Robert Rohde:
Getting back to Wikimedia, it appears correct that the Wikistats code
is designed to run from the compressed files ....(source linked from [1]).
As you suggest, one could use the properties of .bz2 format to
parallelize that. I would also observe that parsers tend to be
relatively slow, while decompressors tend to be relatively fast.
Some additional notes:
Yes wikistats processes compressed dumps.
Nowadays these are mostly stub dumps.
Most monthly metrics can be collected here, with few exceptions like
word count.
For stub dumps decompression is the major resource hog,
for full dumps some heavy regexp's do contribute considerably.
Wikistats could benefit a lot from parallelization (although these days
dump production for larger wikis is generally the bottleneck).
First thing I would want to look into (some day) is running the count
scripts for several wikis in parallel.
All intermediate data are stored in csv files, often one file for one
metric for all languages.
Decoupling and aggregation as post processing step is simple.
Running several count threads on one machine might tax memory.
Some hashes are huge (much has been externalized, but e.g. edits per
user per namespace is still a hash file).
The basic structure dates from the time that a full archive dump for
English Wikipedia was processed in minutes rather than months.
There have been a lot of optimizations , but general setup is still like
this:
Every months all counts for past 10 years are reproduced from scratch.
Wikistats basically has no memory.
This probably sounds crazy, incremental processing has been suggested
more than once.
Main reason to keep it this way is: ever so often new functionality is
added to the scripts (and the occasional bug fix)
In order to have new counts for full history we would need to rerun from
scratch ever so often anyway.
People asked me how come the counts can change from to month to month.
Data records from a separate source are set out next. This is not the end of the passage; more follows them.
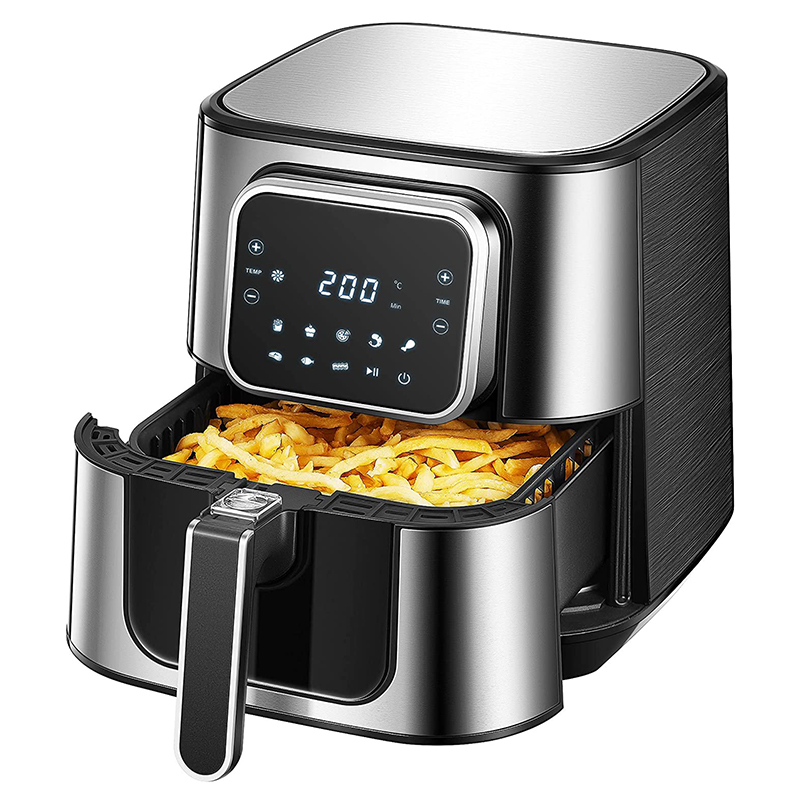 Automatic XL Air Fryers 8L 7L 6.5L 5L Big Power Healthy Oil Free Cooking Electric Deep Air Fryer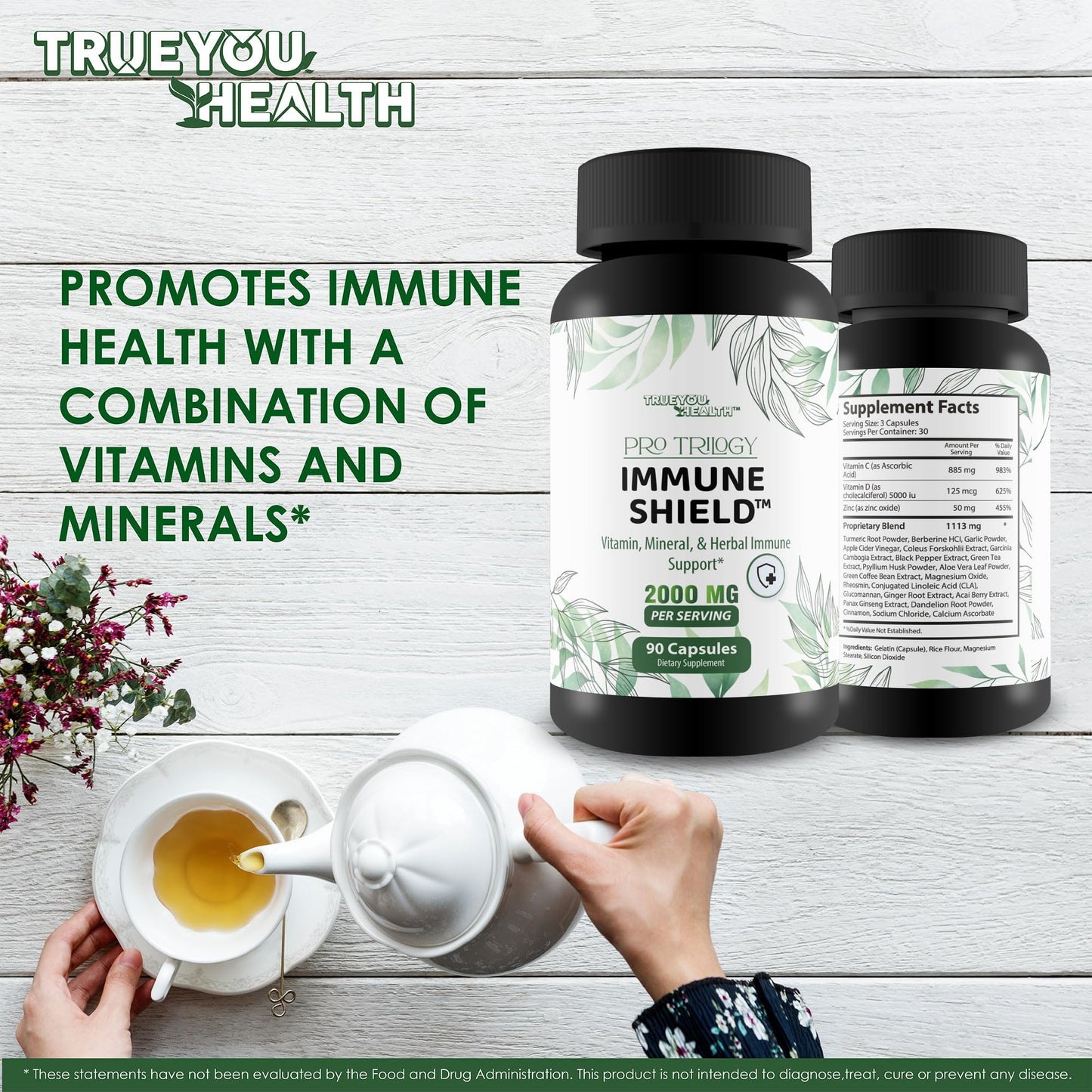True You Health Pro Trilogy Immune Shield Immune Support Capsules, 90 Count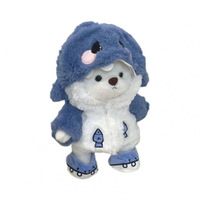 Juguete de Peluche Súper Suave y Adorable que se Transforma en un Oso de Peluche con Forma de Corazón para Niñas, Regalo de Cumpleaños con Forro de Malla, Juguete de Peluche Personalizado
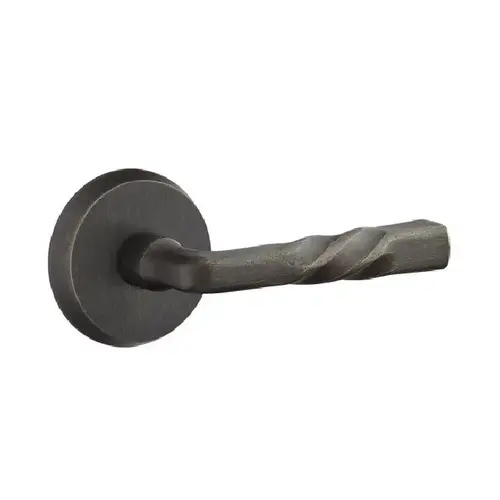 Montrose Lever Right Hand Passage With Style # 2 Rose Medium Bronze Finish Montrose Lever Right Hand Passage With Style # 2 Rose Medium Bronze Finish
Same answer: counts are redone for all months, newer dumps will have
more deletions for earlier months.
Although this mostly effects last two months: nearly all deletions occur
within a month or two.
In early years deletions were very rare. most were done to prevent court
orders (privacy).
Nowadays deletionism has taken hold.
Still wikistats treats deleted content as 'should not have been there in
the first place'.
This makes our editor counts somewhat conservative, basically skews the
activity patterns in favor of good content contributors.
Erik Zachte